Cytidine methylation of regulatory sequences near GSTP1, which encodes an enzyme responsible for safeguarding DNA against oxidants and carcinogens, has been associated with prostate tumorigenesis [171]. In PCa, GSTP1 is methylated in its promoter region, leading to the diminished expression of GSTP1 in tumor cells. Hypermethylation of the GSTP1 promoter occurs in approximately 75% of pre-invasive high-grade prostatic intraepithelial neoplasms and in over 90% of prostate tumors and persists through all stages of PCa progression [172]. 
Promoter hypermethylation can lead to the silencing of not only tumor-suppressor genes but also key receptors, such as AR and ESR1. Additionally, cell adhesion genes (such as CD44 or CDH1), cell cycle genes (such as CCND2, CDKN1B, or SFN), and apoptosis-related genes (such as ASC, BCL2, DAPK, or PTGS2) can be affected by this process [176]. Although global hypomethylation is common in primary tumors, it becomes more pronounced in metastatic PCa [177]. 
DNMT inhibitors such as azacytidine and decitabine have been developed to target aberrant DNA hypermethylation; furthermore, their efficacy against PCa has been clinically evaluated (NSC127716). In a phase 1/2 study of azacitidine in combination with docetaxel in mCRPC, a PSA response was observed in 52% (10/19) of patients, with no dose-limiting toxicity reported [178].

4.2. Histone Methylation

Histones undergo methylation when one, two, or three methyl groups are added from S-adenosylmethionine to the side chains of arginine, lysine, and histidine residues. Histone methylations, such as H3K4me1, H3K9me2, and H3K9me3, are reduced in PCa tissues when compared with their levels in normal prostate tissues [179].
The increased genomic distribution of H3K27me3 in metastatic PCa can primarily be attributed to the overexpression of EZH2 [154], a histone methyltransferase. EZH2 plays a pivotal role in promoting lineage plasticity and differentiation changes, which are closely associated with neuroendocrine PCa (NEPC) [181]. The polycomb group proteins EZH2 and embryonic ectoderm development (EED), another member of the PRC2 complex, are currently under investigation as therapeutic targets [182]. EED functions as a direct regulator of AR and its downstream genes, working in conjunction with EZH2 in the context of AR-positive PCa [183]. EZH2 represents a promising target, and several EZH2 inhibitors have been identified in early-stage clinical studies [184].

4.3. Histone Acetylation

Histone acetylation involves the addition of an acetyl group to the lysine residues of histones, leading to the opening and activation of chromatin. Typically, this process is associated with the activation of transcription, whereas histone deacetylation is often linked to gene silencing [193]. Super-enhancers, which are clusters of enhancers marked by high H3K27ac levels, play a crucial role as drivers of oncogenic processes in cancer cells [194,195]. The activation of histone acetyltransferases, such as p300 and CREB-binding protein (CBP), is strongly associated with an increase in H3K27ac modification frequency [196].
Histone deacetylases (HDACs) are enzymes responsible for removing histone acetylation; thus far, several types of HDACs have been identified in humans [200]. Notably, there are five classes of HDAC inhibitors, including hydroxamic acids, cyclic tetrapeptides, short-chain carboxylic acids, benzamides, and ketoderivatives [201]. HDAC overexpression has been observed in various malignancies, including PCa [202]. Notably, the expression of HDAC1 and HDAC2 is positively correlated with higher Gleason scores in PCa, whereas that of HDAC1/2/3 is positively associated with the proliferative marker Ki67 [203]. 

5. Non-Coding RNAs

5.1. Long Non-Coding RNAs (lncRNAs) and Micro-RNAs (miRNAs)

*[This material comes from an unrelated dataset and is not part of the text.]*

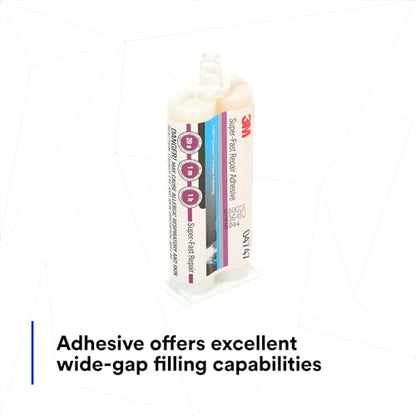 3M Super-Fast Repair Adhesive, 04747, 1.6 fl oz Cartridge, Tranlucent Color - size: 47.3 mL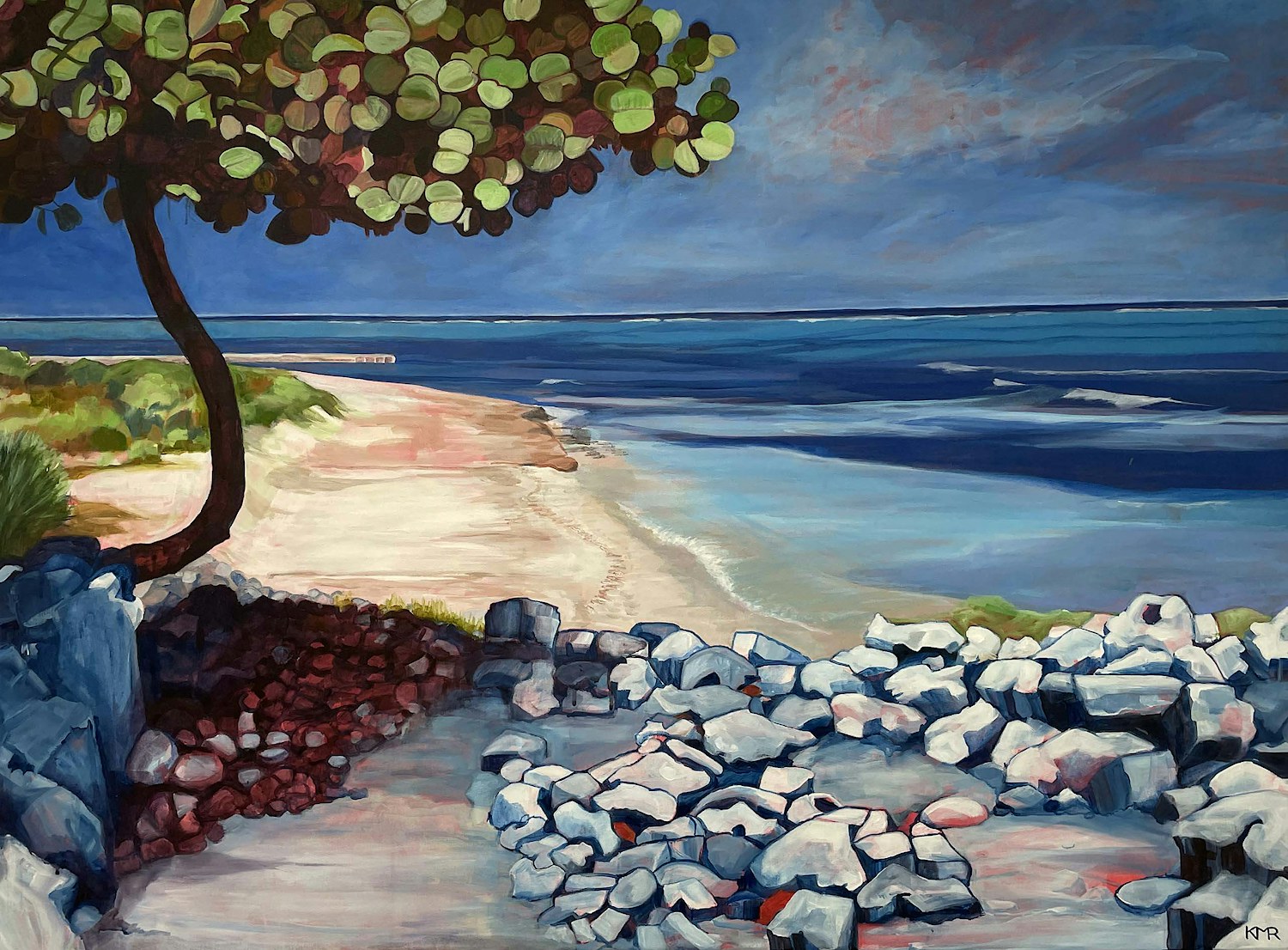 Kate Rogers Little Cayman Seascape 47 5x36 KR 3001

lncRNAs have been implicated in prostate carcinogenesis. They exert their influence through various mechanisms, including regulation of the AR expression pathway, epithelial–mesenchymal transition, miRNAs, and the PI3K/Akt/mTOR pathway; these processes are governed by PCa gene expression marker 1 (PCGEM1), PlncRNA-1, colon cancer-associated transcript 2 (CCAT2), C-terminal binding protein 1 antisense (CTBP1-AS), growth arrest-specific 5 (GAS5), long intergenic non-protein-coding RNA 1296 (LINC01296), LOC400891, and LOC440040, etc. [207,208,209,210,211,212,213,214,215,216].
LINC00624 is overexpressed in both PCa tissues and cells and is associated with malignant progression. Furthermore, the relationship between NF-κB and PCa is linked to the expression of LINC00624, as it forms a co-regulatory axis with TEX10, stimulating NF-κB activity. Therefore, LINC00624 is hypothesized to function as an oncogene in PCa progression [90]. The activation of AKT and NF-κB signaling involves a crucial regulatory protein complex comprising PHLPP, FKBP51, and IKKα. The lncRNA PCAT1 is implicated in the regulation of the PHLPP/FKBP51/IKKα complex, directly binding to FKBP51 and excluding PHLPP from the complex. This regulation by PCAT1 contributes to CRPC progression by activating AKT and NF-κB signals [91].
Upregulated AR expression is a hallmark of CRPC and may serve as a mechanism facilitating AR signaling in the presence or absence of low endogenous androgen levels. Specific lncRNAs, such as CTBP1-AS and HOTAIR, exhibit upregulation following ADT, signifying their negative regulation by androgens. This upregulation of lncRNAs results in increased AR expression. CTBP1-AS upregulation leads to the downregulation of CTBP1, which negatively modulates AR by inhibiting androgen-mediated demethylation.
Interaction with miRNAs is another mechanism by which lncRNAs regulate AR activity. PlncRNA-1 likely protects AR from miRNA-mediated suppression [211] by acting as a sponge for certain AR-targeting miRNAs, including miR-34c and miR-297. PCGEM1 and HOTAIR are reportedly targeted by miR-34a [219] and miR-145 [210], respectively.
In PCa, both miR-145-5p (the guide strand) and miR-145-3p (the passenger strand) are downregulated. The introduction of these microRNAs into PCa cells reportedly suppresses their proliferative, migratory, and invasive capabilities.
The cancer-suppressive functionality of both guide and passenger strands of several microRNAs, including miR-30a, miR-139, miR-143, and miR-145, has been established through large-scale cohort analysis using The Cancer Genome Atlas [221]. The miRNA expression profile of PCa using needle biopsy samples from CSPC and normal prostate tissues revealed that miR-222 and miR-31 exhibit cancer-suppressive functions [222].
miR-130b exhibits significant downregulation among miRNAs in PCa tissues, and its expression is significantly reduced in PCa cell lines as well. The decreased expression of miR-130b significantly promotes the proliferation, invasion, and tubule formation of PCa cells, whereas its overexpression suppresses angiogenesis in PCa. miR-130b directly regulates TNF-α, inhibiting the NF-κB signaling pathway and its downstream gene, VEGFA. Furthermore, VEGFA, by reducing the expression of miR-130b, contributes to a feedback loop involving miR-130b/TNF-α/NF-κB/VEGFA that is associated with angiogenesis in PCa [89].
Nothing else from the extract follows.